Ruby on Rails Mistakes that could Kill Your Production Servers

In this tutorial, I’ll describe a couple of non-obvious Ruby on Rails mistakes that could bring down your production system. They are so sneaky that they could get past the review process of even more experienced developers. Please don’t ask me how I know them.

Database transactions in a multithreaded environment

ActiveRecord makes it just to easy to wrap any arbitrary chunk of code in a database transaction. Have a look at the following example:

post = Post.find(params.fetch(:id))

Post.transaction do
  post.update!(params.fetch(:post_params))
  post.user.update!(params.fetch(:user_params))
end

At first glance, it might look correct.

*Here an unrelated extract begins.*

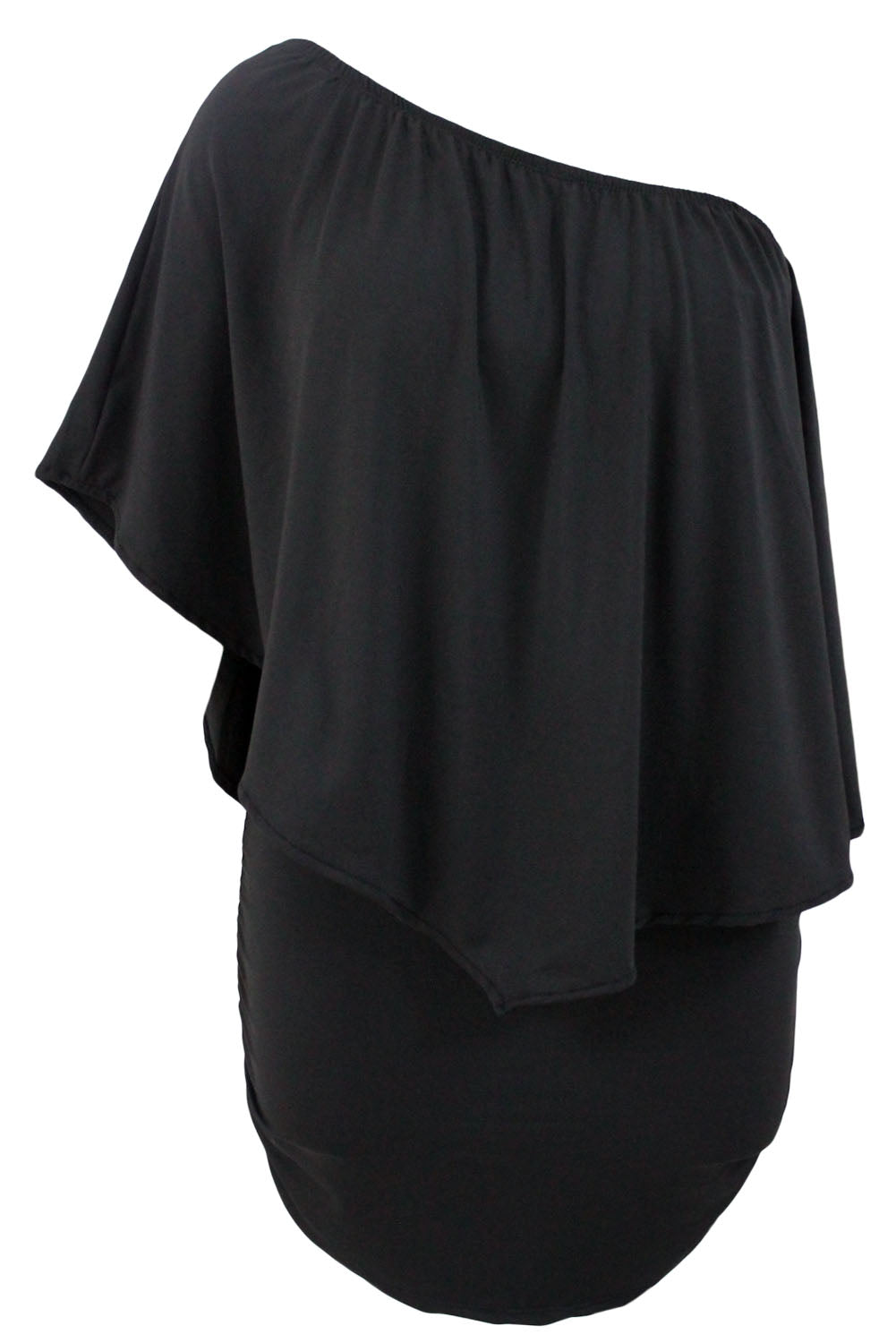 Multiple Dressing Layered Dark Blue Mini Poncho Dress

We want to update the post and its user but rollback the error to keep the state consistent.

The problem is that by wrapping the code execution in the transaction, we are granting a RowExclusiveLock on all the updated objects until the whole block of code finished running. Any thread trying to update the same post or user will have to idly wait for the previous transaction to finish.

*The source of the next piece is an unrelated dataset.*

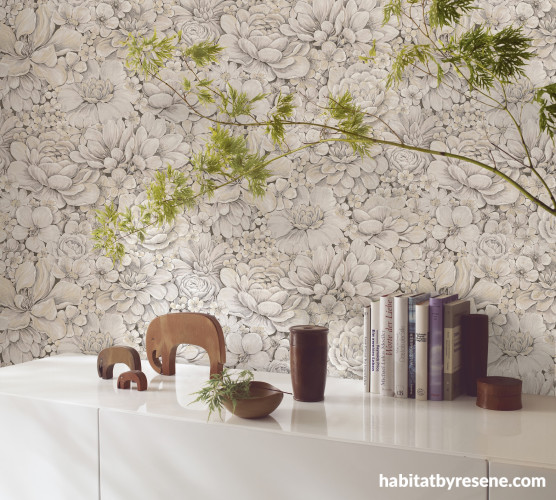 Hallway featuring neutral wallpaper with floral pattern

Imagine that the post uses Carrierwave with S3 for media attachments. Updating an image_url attribute will open an HTTP connection, download the asset, and upload it back to AWS S3. This is all happening in a database transaction locking access to those objects for way too long.

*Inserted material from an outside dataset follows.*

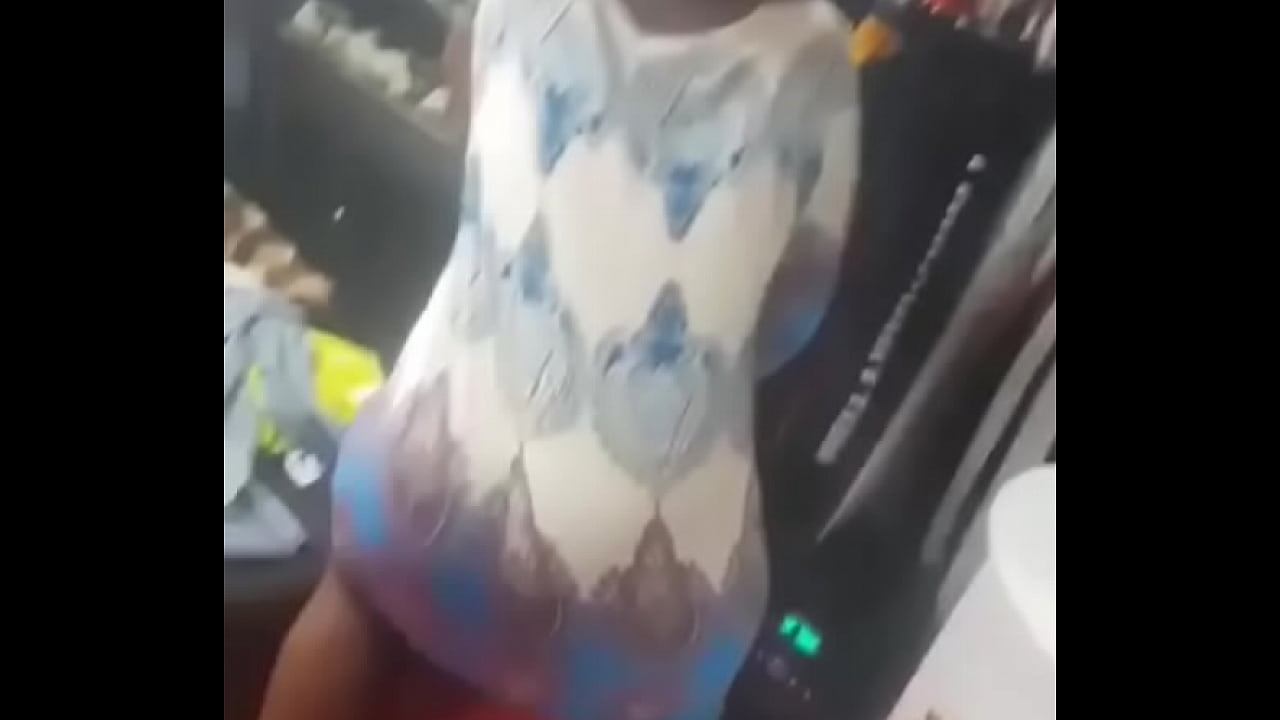 African woman twerking big booty in public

If you are working in a Ruby multithreaded environment e.g., with Puma or Sidekiq , a broad database transaction scope is a recipe for introducing deadlocks. Deadlock is two more or database locks blocking each other and not able to continue execution. They usually start popping only with high enough load.

I’ve learned the hard way that code that worked seemingly correct for the last couple of months suddenly started locking. It was not possible to track a recent change to the codebase that introduced the problem.

Overusing ActiveRecord transactions must be avoided. Validations and integrity checks before the actual save should be used instead of relying on Rails to magically rollback the invalid state.

Detecting deadlocks in Rails apps

If your production is already down a or database is sluggish for no apparent reason, you might have deadlocks. Unless you perform long-running background queries, a healthy Rails app database should never lock for more than a couple of seconds at most.

To verify that you can use rails-pg-extras gem. It offers a simple API for displaying current exclusive locks:

RailsPGExtras.locks

RailsPGExtras gem displaying exclusive locks in hash format

You can write a simple monitoring script checking if locks are taking too long and should be looked into:

TRESHOLD_SECONDS = 3

long_locks = RailsPGExtras.locks(in_format: :hash).select do |lock|
  Time.parse(lock.fetch("age")).seconds_since_midnight > TRESHOLD_SECONDS
end

raise "Long running locks: #{long_locks}" if long_locks.present?

RailsPGLocks under the hood executes lightweight SQL queries . You can safely run those checks even a dozen times per minute (e.g., in a recurring Sidekiq job) without negatively affecting your database.

Killing deadlocked database connection

You can cherry-pick a stuck transaction to cancel using its PID number by running the following SQL:

ActiveRecord::Base.connection.execute("SELECT pg_cancel_backend(#{pid})")

In case it does not work, you can be a bit more aggressive by killing the connection:

ActiveRecord::Base.connection.execute("SELECT pg_terminate_backend(#{pid})")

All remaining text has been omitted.